Abstract 923P
Background
Despite multimodal treatment, locally advanced (LA) squamous cell carcinoma of the head and neck (SCCHN) has a recurrence rate of ∼50%. Circulating tumor DNA (ctDNA) has emerged as a potential biomarker for molecular residual disease (MRD) detection to identify the patients at a high risk of relapse.
Methods
A personalized, tumor-informed, 16-plex mPCR-NGS assay (Signatera™, Natera, Inc.) was used for the detection of ctDNA in plasma samples collected at pre-treatment and within 12 weeks from the completion of curative intent treatment (MRD time point) from patients with clinical stage III-IVB SCCHN. The primary endpoint was recurrence-free survival (RFS) of MRD-positive and negative patients. The secondary endpoint was overall survival (OS) of MRD-positive and negative patients.
Results
Personalized ctDNA assays were successfully designed for 43 of the 50 patients who underwent curative intent treatment. A total of 86 plasma samples from 43 patients were analyzed in this study. Of the 43 patients with a pre-treatment sample available, ctDNA was detected in 42/43 (97.6%). At the MRD time point, ctDNA was detected in 4 of 42 patients with an MRD time point sample available. Of the 4 MRD-positive patients, three had a recurrence; Of the 38 MRD-negative patients, seven recurred. MRD-positive patients had significantly worse RFS (HR=7.5 95% CI: 1.76-32, p= 0.006) and OS (HR=5.74, 95% CI: 1.04-31.8, p= 0.045) compared to MRD-negative patients.
Conclusions
The personalized, tumor-informed assay can detect ctDNA pre-treatment in patients with LA SCCHN. ctDNA-positivity within 12 weeks of completing curative intent treatment was predictive of worse RFS and OS. These results may open the path to initiating treatment upon molecular recurrence in patients with LA SCCHN.

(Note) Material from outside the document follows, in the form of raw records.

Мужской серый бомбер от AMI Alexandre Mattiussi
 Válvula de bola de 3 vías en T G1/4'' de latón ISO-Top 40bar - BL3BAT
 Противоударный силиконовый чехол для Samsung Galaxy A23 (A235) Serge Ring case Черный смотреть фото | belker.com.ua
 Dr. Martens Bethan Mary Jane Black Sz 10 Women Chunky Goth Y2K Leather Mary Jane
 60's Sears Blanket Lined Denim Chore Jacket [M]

Clinical trial identification
Editorial acknowledgement
Funding
Natera Inc.
Disclosure
G. Laliotis: Financial Interests, Personal, Full or part-time Employment: Natera, Inc.; Financial Interests, Personal, Stocks/Shares: Natera, Inc.; Non-Financial Interests, Advisory Role: Docus, ai. V. Aushev: Financial Interests, Personal, Full or part-time Employment: Natera, Inc.; Financial Interests, Personal, Stocks/Shares: Natera, Inc. C. Van Marcke de Lummen: Financial Interests, Institutional, Advisory Board: Eli Lilly, Novartis, AstraZeneca; Financial Interests, Institutional, Invited Speaker: Merck; Non-Financial Interests, Member of Board of Directors: BSMO. R. Galot: Financial Interests, Institutional, Invited Speaker: BMS; Other, Travel expenses: Merck, MSD. M.C. Liu: Financial Interests, Institutional, Member: Natera. J. Machiels: Financial Interests, Institutional, Advisory Board: Novartis, MSD, Pfizer, Roche, Debio, AstraZeneca, Innate, Nanobiotix, Bayer, Boehringer Ingelheim, BMS, Pfizer, Cue Pharma, Incyte, Janssen, Johnson & Johnson, ALX Oncology, F-star, nektar, F-star, Seagen, Astellas, Genmab, Merus, GSK, CureVac; Financial Interests, Institutional, Advisory Board, Education: Merck-Serono; Financial Interests, Institutional, Other, Travel expense: Gilead, MSD, sanofi; Financial Interests, Institutional, Steering Committee Member: AstraZeneca, MSD; Financial Interests, Institutional, Coordinating PI: MSD, iTeos, eTheRNA; Financial Interests, Institutional, Local PI: Pfizer, Ceylad, MSD, Novartis, KURA, Roche, Lilly, Boehringer Ingelheim, Sanofi-Aventis, Incyte, Bayer, Merck - Serono, Janssen, Johnson & Johnson, Amgen, Abbvie, GSK; Non-Financial Interests, Leadership Role, Chair: EORTC head and neck group. All other authors have declared no conflicts of interest.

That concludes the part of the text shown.